Pada 21 Agustus 2024, Baleg DPR RI memutuskan menunda dan/atau membatalkan dahulu pembahasan revisi UU TNI-Polri untuk selanjutnya pembahasan dialihkan (carry over) kepada DPR RI periode 2024-2049.
4. Kontroversi RUU KPK

Selain itu ada, kontroversi Undang-Undang Komisi Pemberantasan Korupsi (UU KPK) di era Presiden Joko Widodo dan memuncak pada 2019, saat revisinya disahkan oleh DPR. Revisi ini memicu protes besar-besaran dari masyarakat, mahasiswa, dan aktivis antikorupsi.

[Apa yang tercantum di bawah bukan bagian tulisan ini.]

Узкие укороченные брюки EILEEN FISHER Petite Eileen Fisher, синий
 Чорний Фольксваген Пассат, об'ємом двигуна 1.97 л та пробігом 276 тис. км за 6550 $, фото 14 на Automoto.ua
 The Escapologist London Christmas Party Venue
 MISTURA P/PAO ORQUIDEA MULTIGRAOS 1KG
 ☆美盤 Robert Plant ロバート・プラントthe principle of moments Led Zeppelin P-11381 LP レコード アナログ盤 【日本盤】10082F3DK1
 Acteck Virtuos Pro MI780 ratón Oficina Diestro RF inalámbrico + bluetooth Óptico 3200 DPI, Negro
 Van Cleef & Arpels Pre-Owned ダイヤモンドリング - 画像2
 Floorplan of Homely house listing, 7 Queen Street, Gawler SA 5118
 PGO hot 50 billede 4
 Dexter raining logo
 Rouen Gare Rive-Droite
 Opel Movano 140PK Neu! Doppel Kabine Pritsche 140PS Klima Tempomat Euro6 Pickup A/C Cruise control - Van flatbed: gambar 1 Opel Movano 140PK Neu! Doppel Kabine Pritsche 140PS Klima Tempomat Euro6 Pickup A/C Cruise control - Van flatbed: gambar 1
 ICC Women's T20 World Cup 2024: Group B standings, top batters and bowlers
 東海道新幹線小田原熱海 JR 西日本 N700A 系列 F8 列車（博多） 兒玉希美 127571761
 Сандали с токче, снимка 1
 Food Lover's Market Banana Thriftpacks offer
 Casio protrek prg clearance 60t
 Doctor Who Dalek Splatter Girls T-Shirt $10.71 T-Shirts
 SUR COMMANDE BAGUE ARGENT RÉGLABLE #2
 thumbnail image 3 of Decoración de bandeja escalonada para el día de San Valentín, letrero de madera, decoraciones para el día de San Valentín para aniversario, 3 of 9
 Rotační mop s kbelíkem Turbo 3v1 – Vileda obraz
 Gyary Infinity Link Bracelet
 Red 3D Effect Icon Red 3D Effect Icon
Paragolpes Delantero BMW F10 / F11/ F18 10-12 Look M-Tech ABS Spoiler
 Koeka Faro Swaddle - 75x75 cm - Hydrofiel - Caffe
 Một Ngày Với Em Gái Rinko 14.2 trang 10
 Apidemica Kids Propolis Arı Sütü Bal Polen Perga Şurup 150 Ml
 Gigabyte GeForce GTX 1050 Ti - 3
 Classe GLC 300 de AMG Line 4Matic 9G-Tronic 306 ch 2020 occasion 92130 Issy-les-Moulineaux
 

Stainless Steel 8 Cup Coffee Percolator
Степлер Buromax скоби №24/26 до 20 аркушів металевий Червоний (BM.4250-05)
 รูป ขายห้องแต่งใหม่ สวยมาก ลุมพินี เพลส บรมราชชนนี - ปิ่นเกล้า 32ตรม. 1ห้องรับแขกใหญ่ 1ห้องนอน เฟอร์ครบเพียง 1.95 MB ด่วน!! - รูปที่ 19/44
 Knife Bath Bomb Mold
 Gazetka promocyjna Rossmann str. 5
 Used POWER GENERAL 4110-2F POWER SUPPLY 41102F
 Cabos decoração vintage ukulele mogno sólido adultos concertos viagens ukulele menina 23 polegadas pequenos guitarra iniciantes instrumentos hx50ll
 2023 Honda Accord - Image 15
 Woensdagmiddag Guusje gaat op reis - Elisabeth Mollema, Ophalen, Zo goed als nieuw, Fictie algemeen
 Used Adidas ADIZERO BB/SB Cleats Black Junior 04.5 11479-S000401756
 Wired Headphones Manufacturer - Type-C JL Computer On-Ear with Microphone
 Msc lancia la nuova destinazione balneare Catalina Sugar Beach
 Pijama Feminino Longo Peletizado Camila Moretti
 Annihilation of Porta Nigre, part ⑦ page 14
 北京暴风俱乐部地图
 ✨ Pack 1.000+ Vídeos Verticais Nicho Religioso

Mereka menganggap revisi tersebut melemahkan KPK karena memberi batasan baru terhadap kewenangannya, seperti pembentukan Dewan Pengawas yang memiliki kewenangan untuk menyetujui penyadapan.
Protes juga dipicu oleh perubahan lain, yang dianggap menghambat efektivitas KPK dalam memberantas korupsi, seperti status pegawai KPK yang dialihkan menjadi Aparatur Sipil Negara (ASN). Mahkamah Konstitusi (MK) juga menolak gugatan uji formil UU Nomor 19 Tahun 2019 tentang Perubahan Kedua Atas UU Nomor 30 Tahun 2002 tentang KPK.
5. Penolakan pada RKUHP yang di demo masa

Revisi Kitab Undang-Undang Hukum Pidana (RKUHP) yang kini telah disahkan menjadi KUHP di era pemerintahan Jokowi juga menuai banyak kontroversi sejak pertama kali diusulkan. Publik mengkritik sejumlah pasal yang dinilai berpotensi membatasi kebebasan berpendapat dan hak-hak individu.
Misalnya, pasal mengenai penghinaan terhadap presiden dan pemerintah dianggap berpotensi mengkriminalisasi kritik, serta mengenai perzinahan serta kohabitasi yang dinilai terlalu mengatur kehidupan pribadi masyarakat.
Penolakan terhadap RKUHP memuncak pada 2019, ketika ribuan mahasiswa dan aktivis turun ke jalan dalam aksi demonstrasi besar-besaran di berbagai kota di Indonesia. Mereka menuntut pemerintah dan DPR untuk menunda pengesahan RKUHP, karena banyak pasal yang dianggap tidak sesuai dengan prinsip demokrasi dan hak asasi manusia.
Meskipun pengesahan sempat ditunda, akhirnya pada Desember 2022, DPR mengesahkan KUHP baru, dengan pemerintah menyatakan revisi tersebut merupakan pembaruan hukum pidana warisan kolonial Belanda.